Lespinats Sylvain, Verleysen Michel, Giron Alain, Fertil Bernard
UMR INSERM, unité 678-Université Pierre et Marie Curie--Paris 6, 75634 Paris, France.
IEEE Trans Neural Netw. 2007 Sep;18(5):1265-79. doi: 10.1109/tnn.2007.891682.
Mapping high-dimensional data in a low-dimensional space, for example, for visualization, is a problem of increasingly major concern in data analysis.
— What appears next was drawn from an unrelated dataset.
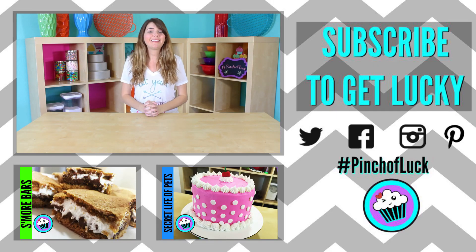And as always, if you loved it, like it, subscribe to it, and share it. Thanks guys! Mwah!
This paper presents data-driven high-dimensional scaling (DD-HDS), a nonlinear mapping method that follows the line of multidimensional scaling (MDS) approach, based on the preservation of distances between pairs of data. It improves the performance of existing competitors with respect to the representation of high-dimensional data, in two ways. It introduces (1) a specific weighting of distances between data taking into account the concentration of measure phenomenon and (2) a symmetric handling of short distances in the original and output spaces, avoiding false neighbor representations while still allowing some necessary tears in the original distribution. More precisely, the weighting is set according to the effective distribution of distances in the data set, with the exception of a single user-defined parameter setting the tradeoff between local neighborhood preservation and global mapping. The optimization of the stress criterion designed for the mapping is realized by "force-directed placement" (FDP). The mappings of low- and high-dimensional data sets are presented as illustrations of the features and advantages of the proposed algorithm. The weighting function specific to high-dimensional data and the symmetric handling of short distances can be easily incorporated in most distance preservation-based nonlinear dimensionality reduction methods.
例如,为了可视化而在低维空间中映射高维数据,是数据分析中一个日益受到关注的主要问题。本文提出了数据驱动的高维缩放(DD-HDS),这是一种基于多维缩放(MDS)方法的数据驱动的非线性映射方法,它基于数据对之间距离的保留。它通过两种方式提高了现有竞争对手在高维数据表示方面的性能。它引入了(1)考虑测量现象集中度的数据间距离的特定加权,以及(2)对原始空间和输出空间中短距离的对称处理,避免了虚假邻居表示,同时仍允许原始分布中有一些必要的撕裂。更准确地说,加权是根据数据集中距离的有效分布设置的,除了一个用户定义的参数用于设置局部邻域保留和全局映射之间的权衡。为映射设计的应力准则的优化通过“力导向放置”(FDP)实现。给出了低维和高维数据集的映射,以说明所提出算法的特点和优点。特定于高维数据的加权函数和短距离的对称处理可以很容易地纳入大多数基于距离保留的非线性降维方法中。